Data:
########
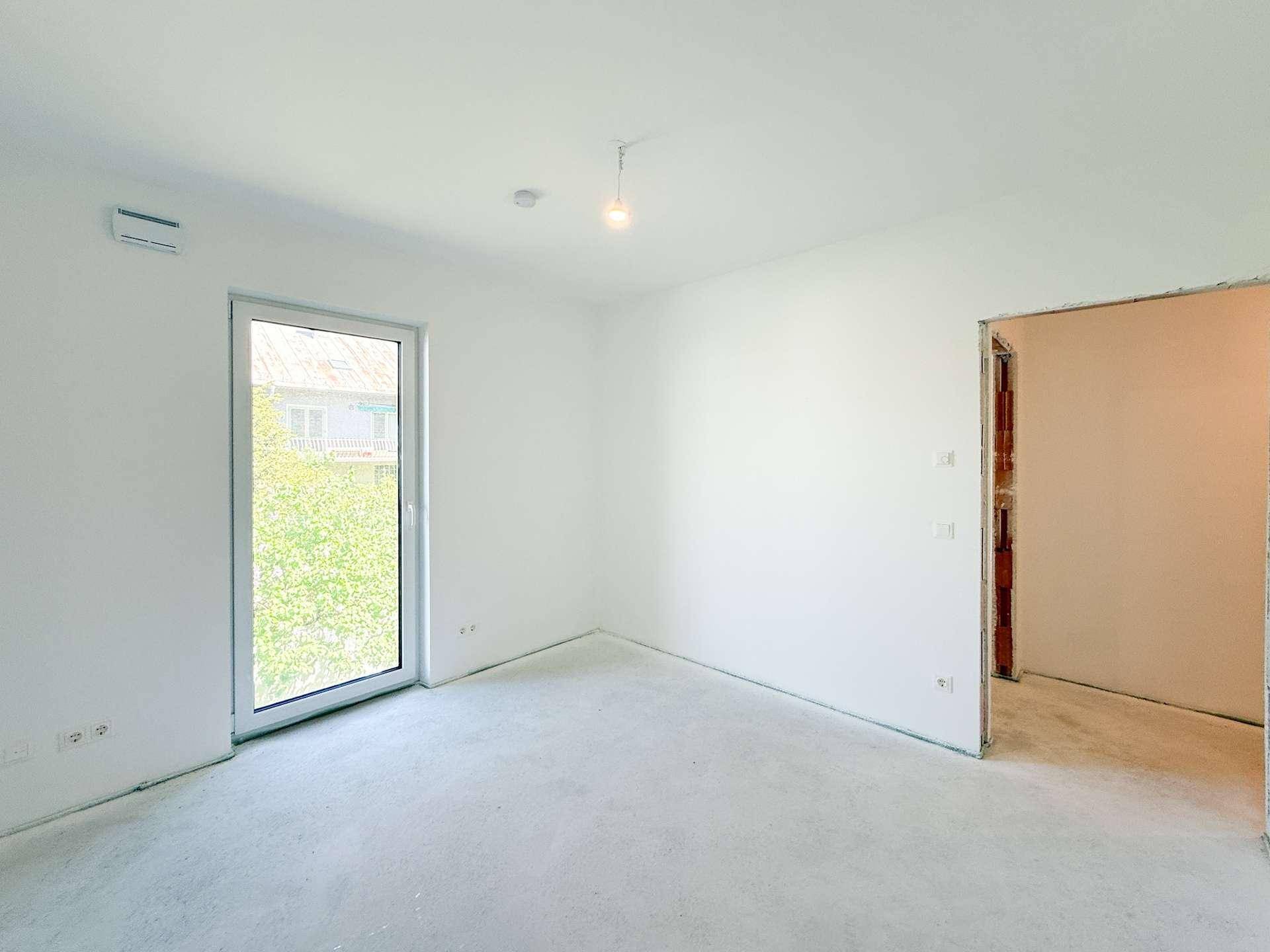 Helles, unmöbliertes Zimmer im Rohbau mit Fenster und Zugang zum Außenbereich.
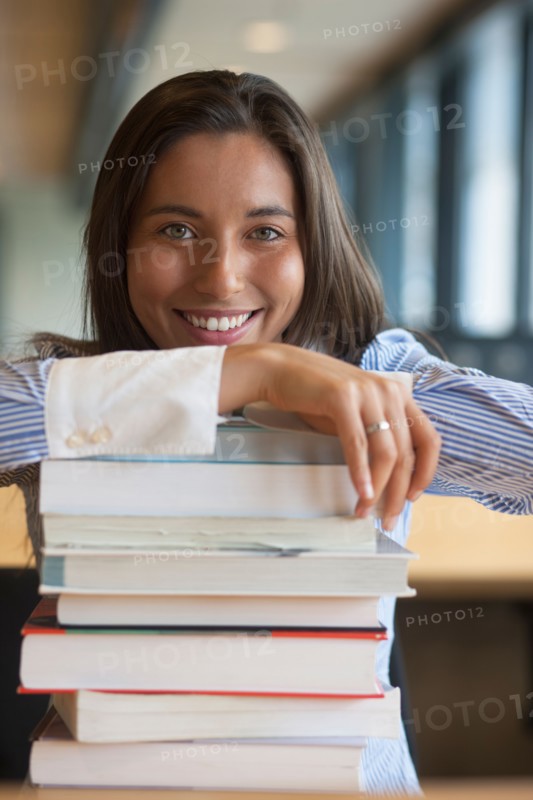 Portrait of female student leaning on stack of books. Photo : Jan Scherders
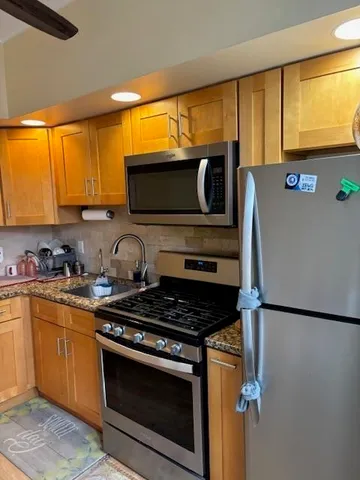 a kitchen with stainless steel appliances granite countertop a stove a sink and a microwave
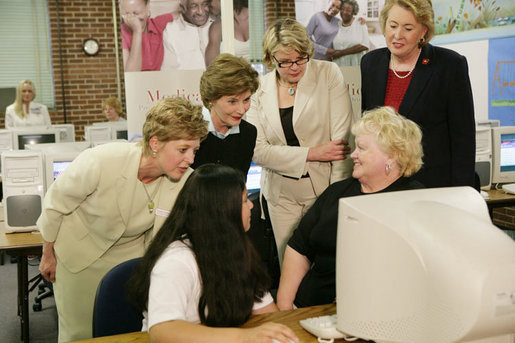 Mrs. Laura Bush and U.S. Department of Education Secretary Margaret Spellings, center, look at computer information with St. Boniface sixth-graders and senior citizens Tuesday, May 2, 2006 in Ft. Smith, Ark., to remind seniors of the May 15th enrollment deadline to sign-up for the Medicare Prescription Drug Benefit. White House photo by Shealah Craighead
########
Work item:
Output each line exactly as shown above; no pictures go in the copy.

Answer to the problem:
 Helles, unmöbliertes Zimmer im Rohbau mit Fenster und Zugang zum Außenbereich.
 Portrait of female student leaning on stack of books. Photo : Jan Scherders
 a kitchen with stainless steel appliances granite countertop a stove a sink and a microwave
 Mrs. Laura Bush and U.S. Department of Education Secretary Margaret Spellings, center, look at computer information with St. Boniface sixth-graders and senior citizens Tuesday, May 2, 2006 in Ft. Smith, Ark., to remind seniors of the May 15th enrollment deadline to sign-up for the Medicare Prescription Drug Benefit. White House photo by Shealah Craighead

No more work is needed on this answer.